### Input records
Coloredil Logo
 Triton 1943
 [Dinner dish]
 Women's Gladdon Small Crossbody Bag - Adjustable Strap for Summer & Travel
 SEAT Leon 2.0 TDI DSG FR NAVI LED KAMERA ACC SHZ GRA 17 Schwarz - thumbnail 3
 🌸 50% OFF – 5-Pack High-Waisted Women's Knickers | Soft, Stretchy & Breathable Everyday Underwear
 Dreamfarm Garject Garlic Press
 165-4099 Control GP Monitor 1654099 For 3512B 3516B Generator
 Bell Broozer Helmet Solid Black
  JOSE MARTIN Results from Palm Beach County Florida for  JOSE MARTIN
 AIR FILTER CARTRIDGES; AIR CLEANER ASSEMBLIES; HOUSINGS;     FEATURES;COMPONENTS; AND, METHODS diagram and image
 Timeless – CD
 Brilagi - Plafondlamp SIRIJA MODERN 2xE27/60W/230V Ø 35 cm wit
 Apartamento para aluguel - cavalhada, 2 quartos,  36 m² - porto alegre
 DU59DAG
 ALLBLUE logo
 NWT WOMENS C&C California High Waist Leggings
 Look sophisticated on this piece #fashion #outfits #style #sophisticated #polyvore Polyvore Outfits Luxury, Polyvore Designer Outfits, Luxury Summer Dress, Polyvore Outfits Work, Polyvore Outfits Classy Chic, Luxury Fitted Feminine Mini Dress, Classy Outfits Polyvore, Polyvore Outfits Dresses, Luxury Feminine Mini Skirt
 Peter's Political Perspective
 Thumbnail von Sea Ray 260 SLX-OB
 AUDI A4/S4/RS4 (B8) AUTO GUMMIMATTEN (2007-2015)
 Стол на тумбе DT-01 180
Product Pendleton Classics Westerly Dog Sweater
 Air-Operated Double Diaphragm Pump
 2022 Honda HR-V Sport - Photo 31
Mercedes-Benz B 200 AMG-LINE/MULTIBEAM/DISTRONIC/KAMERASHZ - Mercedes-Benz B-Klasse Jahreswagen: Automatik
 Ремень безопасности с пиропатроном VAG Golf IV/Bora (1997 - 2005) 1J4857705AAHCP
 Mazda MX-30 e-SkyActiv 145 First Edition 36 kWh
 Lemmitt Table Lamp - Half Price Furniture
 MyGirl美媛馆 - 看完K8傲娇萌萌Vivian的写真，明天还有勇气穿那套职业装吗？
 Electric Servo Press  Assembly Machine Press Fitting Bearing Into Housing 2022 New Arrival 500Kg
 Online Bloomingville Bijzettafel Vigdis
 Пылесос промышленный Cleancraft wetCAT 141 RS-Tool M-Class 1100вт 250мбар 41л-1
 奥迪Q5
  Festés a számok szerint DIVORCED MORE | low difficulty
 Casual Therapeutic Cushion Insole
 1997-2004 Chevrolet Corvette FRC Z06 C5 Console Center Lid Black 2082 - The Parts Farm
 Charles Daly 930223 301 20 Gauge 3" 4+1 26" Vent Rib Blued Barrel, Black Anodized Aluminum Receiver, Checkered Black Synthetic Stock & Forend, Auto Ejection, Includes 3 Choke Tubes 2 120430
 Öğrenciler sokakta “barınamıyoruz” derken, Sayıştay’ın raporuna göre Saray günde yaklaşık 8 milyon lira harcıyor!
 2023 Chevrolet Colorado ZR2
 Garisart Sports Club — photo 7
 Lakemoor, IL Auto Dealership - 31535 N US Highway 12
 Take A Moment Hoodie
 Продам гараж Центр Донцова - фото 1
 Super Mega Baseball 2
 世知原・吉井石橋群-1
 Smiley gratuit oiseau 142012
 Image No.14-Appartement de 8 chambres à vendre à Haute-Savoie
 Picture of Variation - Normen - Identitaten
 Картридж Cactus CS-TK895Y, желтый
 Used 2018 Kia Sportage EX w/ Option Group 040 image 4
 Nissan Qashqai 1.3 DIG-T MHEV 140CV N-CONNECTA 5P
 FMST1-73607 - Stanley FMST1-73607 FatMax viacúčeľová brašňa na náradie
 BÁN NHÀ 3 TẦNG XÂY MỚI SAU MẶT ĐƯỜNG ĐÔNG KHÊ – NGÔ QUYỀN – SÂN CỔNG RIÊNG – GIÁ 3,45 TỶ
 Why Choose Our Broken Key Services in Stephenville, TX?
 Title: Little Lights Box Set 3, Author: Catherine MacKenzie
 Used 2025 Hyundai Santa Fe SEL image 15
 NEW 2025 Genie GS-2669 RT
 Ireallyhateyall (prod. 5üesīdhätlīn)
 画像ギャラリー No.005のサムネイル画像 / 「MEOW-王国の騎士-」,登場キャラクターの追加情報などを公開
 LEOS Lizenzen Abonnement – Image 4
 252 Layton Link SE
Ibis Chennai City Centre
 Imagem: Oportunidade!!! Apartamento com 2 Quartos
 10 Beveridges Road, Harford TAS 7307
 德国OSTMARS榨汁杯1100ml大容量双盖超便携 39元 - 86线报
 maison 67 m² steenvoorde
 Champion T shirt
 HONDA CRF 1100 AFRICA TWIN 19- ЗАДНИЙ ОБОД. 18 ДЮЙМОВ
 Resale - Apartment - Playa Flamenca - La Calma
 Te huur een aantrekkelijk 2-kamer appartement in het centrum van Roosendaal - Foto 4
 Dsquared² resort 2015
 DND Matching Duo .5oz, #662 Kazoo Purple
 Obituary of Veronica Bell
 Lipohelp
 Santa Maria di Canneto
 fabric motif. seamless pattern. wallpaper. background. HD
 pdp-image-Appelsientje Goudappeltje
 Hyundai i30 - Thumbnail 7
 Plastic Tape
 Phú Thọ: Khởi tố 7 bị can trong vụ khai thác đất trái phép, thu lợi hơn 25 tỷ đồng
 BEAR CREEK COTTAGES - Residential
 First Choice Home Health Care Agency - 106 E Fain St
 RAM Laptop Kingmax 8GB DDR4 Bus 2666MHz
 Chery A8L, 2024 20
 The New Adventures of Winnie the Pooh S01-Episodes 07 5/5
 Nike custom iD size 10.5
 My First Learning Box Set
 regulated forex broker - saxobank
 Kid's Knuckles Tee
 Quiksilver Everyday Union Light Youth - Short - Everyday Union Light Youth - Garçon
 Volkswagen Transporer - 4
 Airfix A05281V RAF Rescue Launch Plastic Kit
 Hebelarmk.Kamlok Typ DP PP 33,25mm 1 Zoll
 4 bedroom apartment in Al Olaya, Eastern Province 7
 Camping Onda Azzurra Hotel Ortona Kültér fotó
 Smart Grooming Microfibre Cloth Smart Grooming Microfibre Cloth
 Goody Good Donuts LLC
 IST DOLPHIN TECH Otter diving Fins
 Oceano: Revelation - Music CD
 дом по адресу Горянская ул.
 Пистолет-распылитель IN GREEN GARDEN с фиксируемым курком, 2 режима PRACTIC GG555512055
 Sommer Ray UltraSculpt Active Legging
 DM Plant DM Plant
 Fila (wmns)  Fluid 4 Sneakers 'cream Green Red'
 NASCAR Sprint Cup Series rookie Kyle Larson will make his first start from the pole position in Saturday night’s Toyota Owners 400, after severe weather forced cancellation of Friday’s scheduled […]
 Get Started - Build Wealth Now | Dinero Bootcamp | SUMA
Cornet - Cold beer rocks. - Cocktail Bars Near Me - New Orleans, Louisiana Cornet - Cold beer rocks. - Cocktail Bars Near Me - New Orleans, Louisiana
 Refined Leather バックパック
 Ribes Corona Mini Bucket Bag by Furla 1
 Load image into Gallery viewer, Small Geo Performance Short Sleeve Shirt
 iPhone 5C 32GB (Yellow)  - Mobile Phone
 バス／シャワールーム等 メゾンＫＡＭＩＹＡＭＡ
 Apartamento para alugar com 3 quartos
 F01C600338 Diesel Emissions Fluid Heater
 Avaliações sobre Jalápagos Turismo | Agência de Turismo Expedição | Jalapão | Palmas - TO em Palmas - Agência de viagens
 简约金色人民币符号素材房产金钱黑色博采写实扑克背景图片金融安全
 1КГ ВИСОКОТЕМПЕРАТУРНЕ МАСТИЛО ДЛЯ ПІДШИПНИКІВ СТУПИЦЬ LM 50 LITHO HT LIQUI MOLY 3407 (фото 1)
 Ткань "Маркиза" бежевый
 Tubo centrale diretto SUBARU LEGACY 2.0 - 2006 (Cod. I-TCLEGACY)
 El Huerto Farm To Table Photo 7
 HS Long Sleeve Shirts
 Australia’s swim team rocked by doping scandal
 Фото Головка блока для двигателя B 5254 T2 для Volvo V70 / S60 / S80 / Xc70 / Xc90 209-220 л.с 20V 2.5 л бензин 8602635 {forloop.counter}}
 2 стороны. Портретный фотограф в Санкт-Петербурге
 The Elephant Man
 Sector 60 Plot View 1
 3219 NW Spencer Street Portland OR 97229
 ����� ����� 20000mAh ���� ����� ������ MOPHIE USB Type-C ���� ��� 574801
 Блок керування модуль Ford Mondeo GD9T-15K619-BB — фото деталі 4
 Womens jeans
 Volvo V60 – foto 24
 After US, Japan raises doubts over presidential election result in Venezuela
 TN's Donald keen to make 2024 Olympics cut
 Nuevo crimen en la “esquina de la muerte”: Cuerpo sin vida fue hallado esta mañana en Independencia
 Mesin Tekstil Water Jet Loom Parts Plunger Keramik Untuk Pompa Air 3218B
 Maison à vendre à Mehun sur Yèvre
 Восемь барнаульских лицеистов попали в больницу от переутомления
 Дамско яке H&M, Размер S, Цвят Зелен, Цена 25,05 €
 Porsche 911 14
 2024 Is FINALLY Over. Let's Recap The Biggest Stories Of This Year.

### What you have to do
The lines to return are those in the material above that hold "Hyundai".

### Solution for this exercise
 Used 2025 Hyundai Santa Fe SEL image 15
 Hyundai i30 - Thumbnail 7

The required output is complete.